Web page caption snippets
===

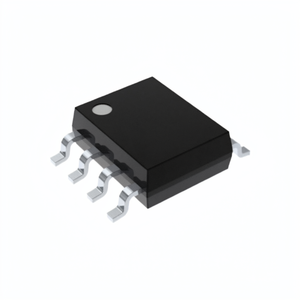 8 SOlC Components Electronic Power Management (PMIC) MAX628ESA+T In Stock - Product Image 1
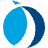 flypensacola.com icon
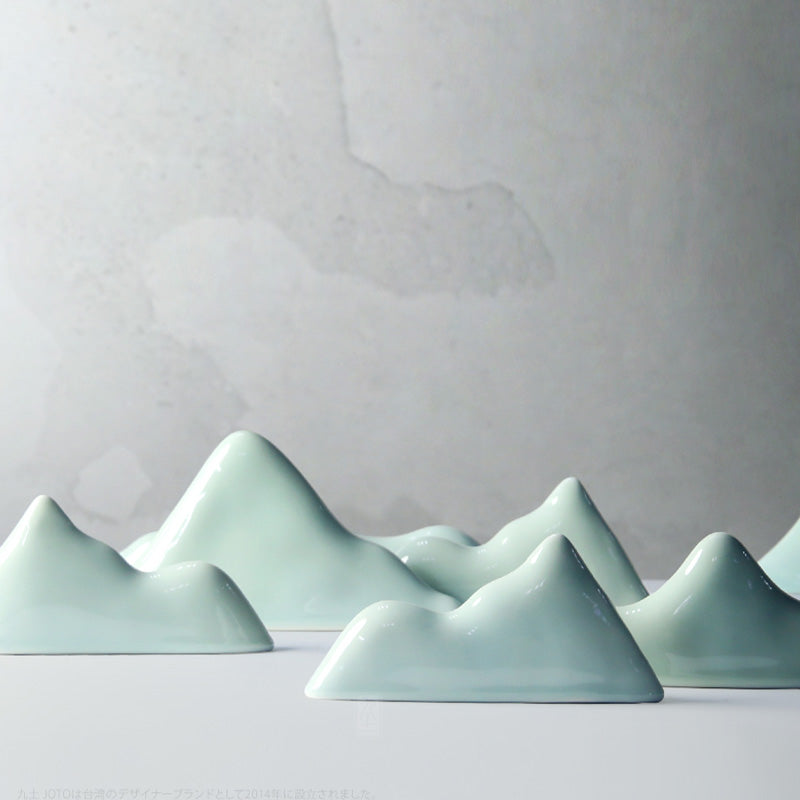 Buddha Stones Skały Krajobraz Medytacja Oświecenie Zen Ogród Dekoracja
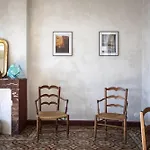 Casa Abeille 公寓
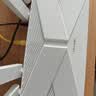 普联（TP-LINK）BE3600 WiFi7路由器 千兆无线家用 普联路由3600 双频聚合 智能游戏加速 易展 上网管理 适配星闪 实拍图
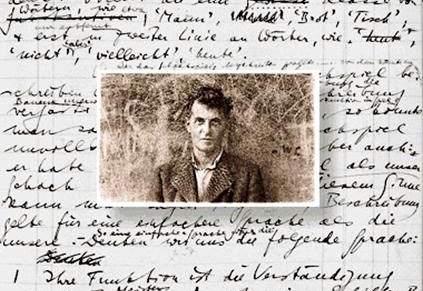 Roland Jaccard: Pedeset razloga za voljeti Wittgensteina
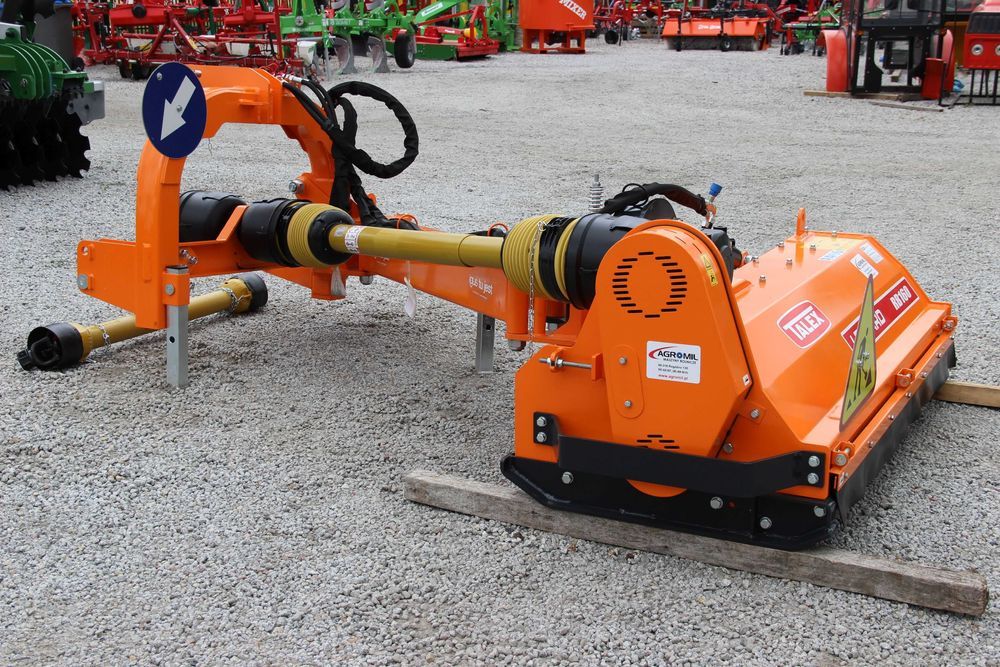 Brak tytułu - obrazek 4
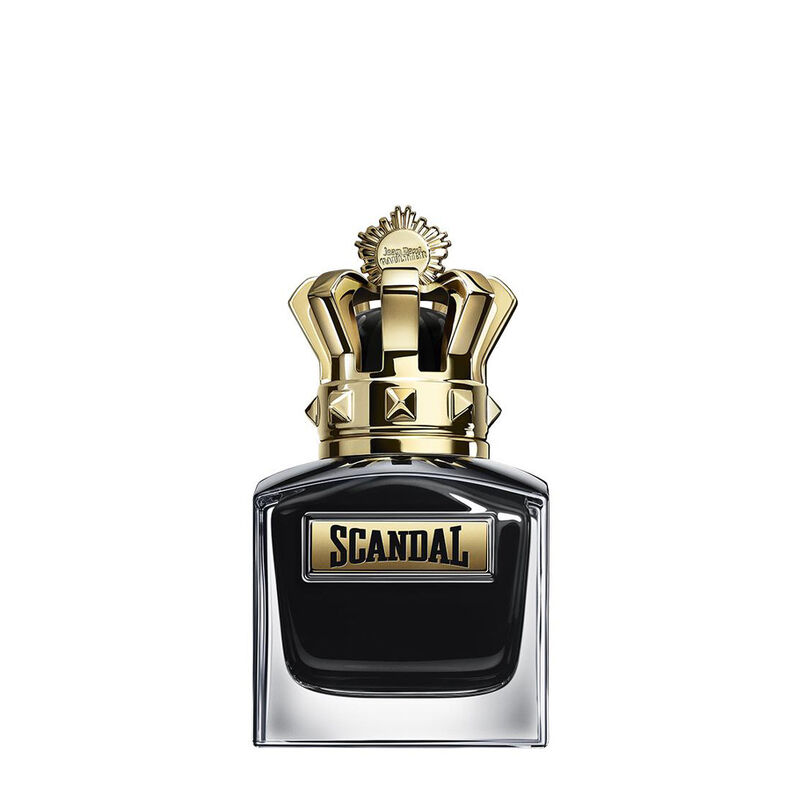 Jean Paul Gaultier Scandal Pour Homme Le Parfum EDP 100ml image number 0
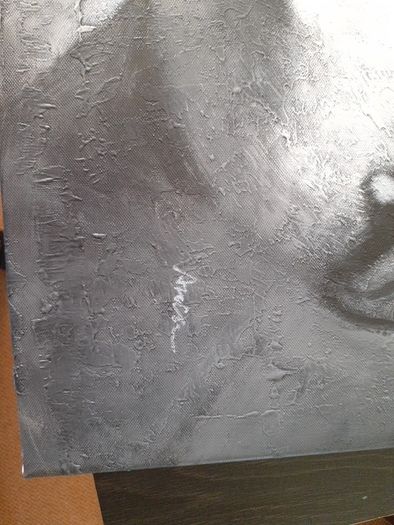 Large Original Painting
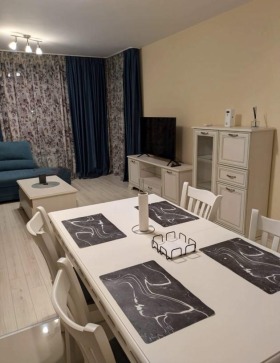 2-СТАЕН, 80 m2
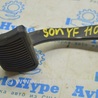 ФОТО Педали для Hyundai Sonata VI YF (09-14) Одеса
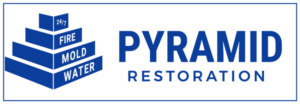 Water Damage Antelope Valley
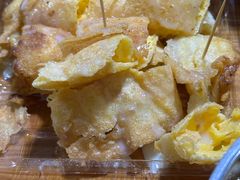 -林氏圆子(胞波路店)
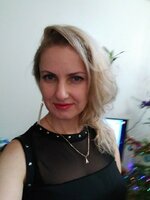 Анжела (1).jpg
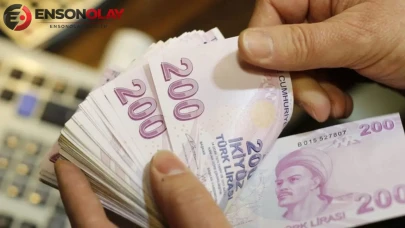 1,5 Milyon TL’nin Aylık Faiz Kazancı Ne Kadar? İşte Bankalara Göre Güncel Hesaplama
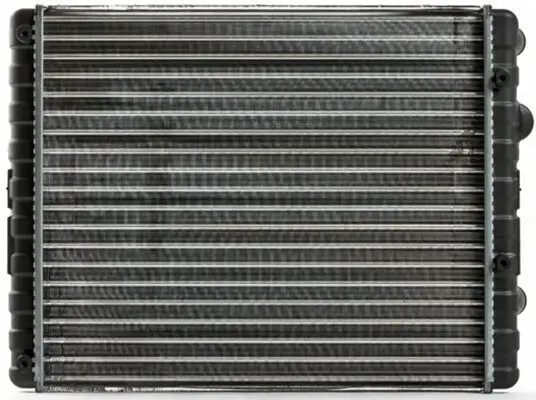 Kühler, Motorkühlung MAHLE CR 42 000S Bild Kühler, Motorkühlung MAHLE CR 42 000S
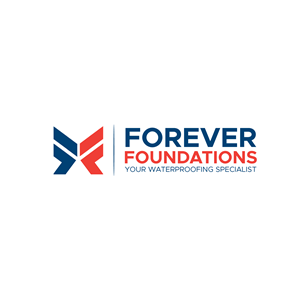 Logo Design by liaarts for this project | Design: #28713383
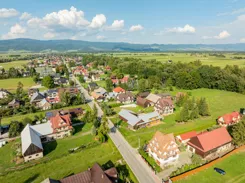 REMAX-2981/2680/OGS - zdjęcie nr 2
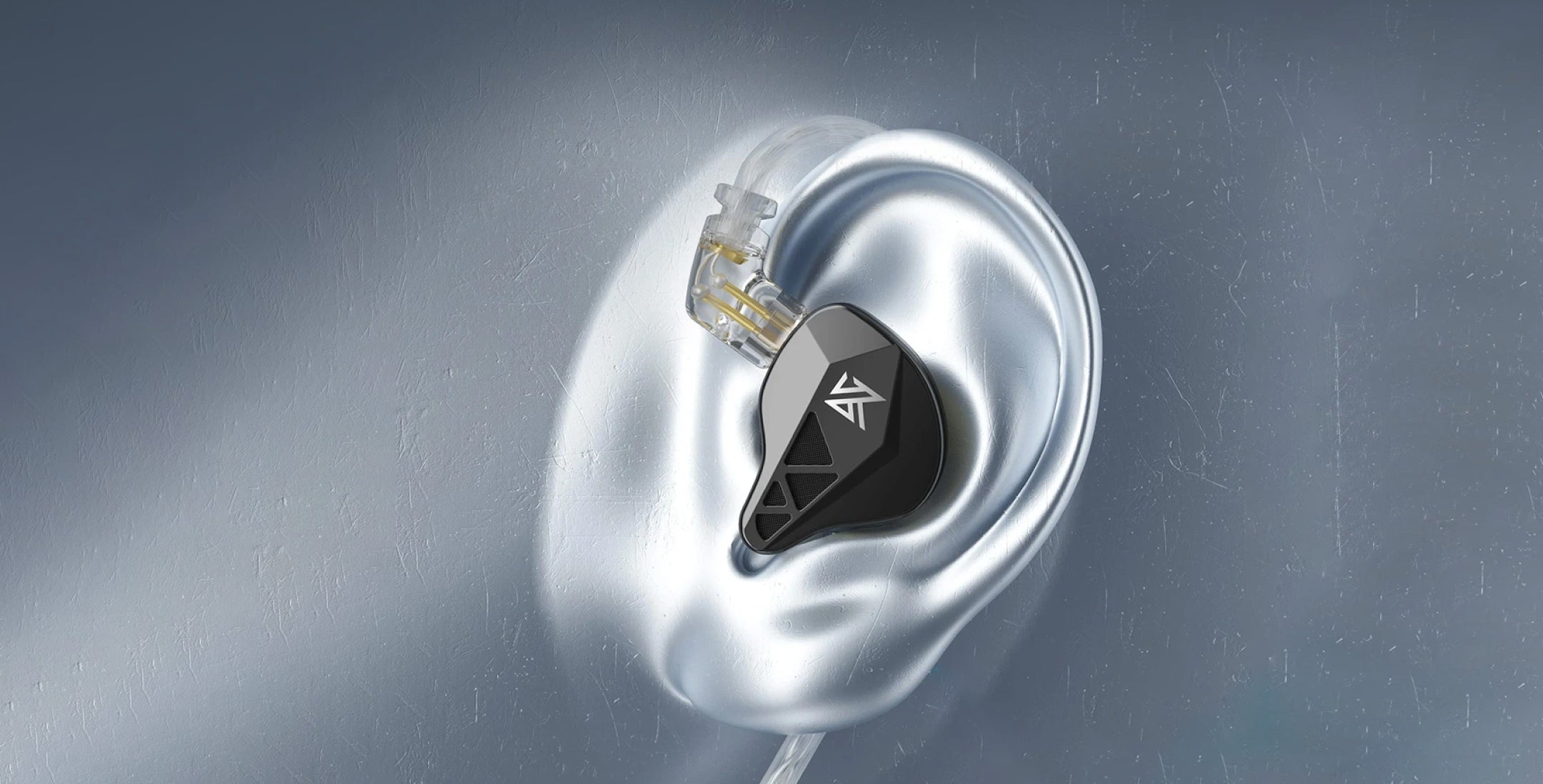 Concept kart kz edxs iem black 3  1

===

**AIM OF THE TASK:** Restate, word for word, the entries above, dropping any picture.

**WORKED SOLUTION:**
 8 SOlC Components Electronic Power Management (PMIC) MAX628ESA+T In Stock - Product Image 1
 flypensacola.com icon
 Buddha Stones Skały Krajobraz Medytacja Oświecenie Zen Ogród Dekoracja
 Casa Abeille 公寓
 普联（TP-LINK）BE3600 WiFi7路由器 千兆无线家用 普联路由3600 双频聚合 智能游戏加速 易展 上网管理 适配星闪 实拍图
 Roland Jaccard: Pedeset razloga za voljeti Wittgensteina
 Brak tytułu - obrazek 4
 Jean Paul Gaultier Scandal Pour Homme Le Parfum EDP 100ml image number 0
 Large Original Painting
 2-СТАЕН, 80 m2
 ФОТО Педали для Hyundai Sonata VI YF (09-14) Одеса
 Water Damage Antelope Valley
 -林氏圆子(胞波路店)
 Анжела (1).jpg
 1,5 Milyon TL’nin Aylık Faiz Kazancı Ne Kadar? İşte Bankalara Göre Güncel Hesaplama
 Kühler, Motorkühlung MAHLE CR 42 000S Bild Kühler, Motorkühlung MAHLE CR 42 000S
 Logo Design by liaarts for this project | Design: #28713383
 REMAX-2981/2680/OGS - zdjęcie nr 2
 Concept kart kz edxs iem black 3  1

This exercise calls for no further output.